To provide the KCT with a new advocacy and education tool to help communicate their work and the issues the Kea faces I designed and developed the Kea Kites project. Kea Kites are handmade kite sets, with a life size image of a Kea which children can colour in with standard felt tips pens – allowing them to customise their kites and make their own piece of art. The project seeks to provide a fun, constructive activity to act a framework to educate the next generation about Kea and why they need our protection.
That’s great! Have you received much support?
We’ve now completed our first crowdsourcing campaign and raised nearly NZ$3000. Thanks to this we can now produce kites for sale in New Zealand and for use in Kea Conservation Trust school and outreach talks.
I think the best thing working on any innovation project is the support you receive. The Kea Kites project was no exception – we received an incredible amount of help from some very talented people. I must mention Ted Howard (Rainbow Flight – Kite design) and Jenny Long (Artist – Kea artwork) who without their help this project would not have been possible.
Have there been many challenges to overcome?
I made this project happen with extremely limited funds which slows you down and limits your options. In the end it took nine months (three months longer than expected) to develop the kite. It took this long as we had to rely solely on people donating their time and expertise.
Do you have any plans to make any other kites for other species?
We’ve been approached by a few NGO’s to make kites for the birds they work with. In theory since we’ve worked out the kite design and manufacturing process it should be fairly straightforward – essentially all we need is new artwork. It’s something we’re keen to do and will pursue in 2016. I know Ted (Kite Designer – Rainbow Flight) is very keen to make a ‘set’ of conservation kites.

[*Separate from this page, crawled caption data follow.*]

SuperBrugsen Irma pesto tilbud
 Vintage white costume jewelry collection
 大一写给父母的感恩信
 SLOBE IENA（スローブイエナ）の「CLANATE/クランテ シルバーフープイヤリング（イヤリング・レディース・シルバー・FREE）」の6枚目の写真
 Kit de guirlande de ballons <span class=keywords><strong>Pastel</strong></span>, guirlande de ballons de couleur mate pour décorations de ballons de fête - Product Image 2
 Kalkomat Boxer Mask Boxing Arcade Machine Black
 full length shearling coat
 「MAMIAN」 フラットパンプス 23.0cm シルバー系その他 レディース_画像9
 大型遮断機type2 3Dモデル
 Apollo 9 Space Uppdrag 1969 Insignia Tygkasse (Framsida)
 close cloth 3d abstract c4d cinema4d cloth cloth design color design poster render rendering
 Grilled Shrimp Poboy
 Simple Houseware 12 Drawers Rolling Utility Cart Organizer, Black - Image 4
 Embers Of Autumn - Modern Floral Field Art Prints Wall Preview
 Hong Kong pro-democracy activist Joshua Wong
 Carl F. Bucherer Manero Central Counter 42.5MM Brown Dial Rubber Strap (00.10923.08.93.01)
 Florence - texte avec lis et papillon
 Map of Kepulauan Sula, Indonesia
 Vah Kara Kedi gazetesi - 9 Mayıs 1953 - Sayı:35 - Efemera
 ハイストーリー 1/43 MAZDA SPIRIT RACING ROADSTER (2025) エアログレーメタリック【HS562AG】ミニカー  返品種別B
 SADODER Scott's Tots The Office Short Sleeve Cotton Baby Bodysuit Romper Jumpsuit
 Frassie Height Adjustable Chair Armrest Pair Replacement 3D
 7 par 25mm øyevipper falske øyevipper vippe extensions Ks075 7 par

If you work on a bird which you think might be suitable (of conservation interest, large wingspan) please get in touch (djp071[@]gmail.com)!
Are you optimistic about the future conservation of the Kea?
We know that Kea are struggling under the burden of invasive species and other threats. Despite this I’m optimistic, the Kea Conservation Trust is a great organisation with some very talented and dedicated staff. Providing they are able to continue their work the kea has a bright future. Of course key to this is communicating to the public the challenges the Kea faces!
Lastly, what advice would you give aspiring conservationists?
I started my career in conservation volunteering – as most conservationists do – for New Zealand’s Department of Conservation, I would highly recommend it. It’s totally free, they normally provide accommodation sometimes transport and sometimes food, more importantly they also provide you with a world class foundation in science based conservation. I would strongly recommend the experience.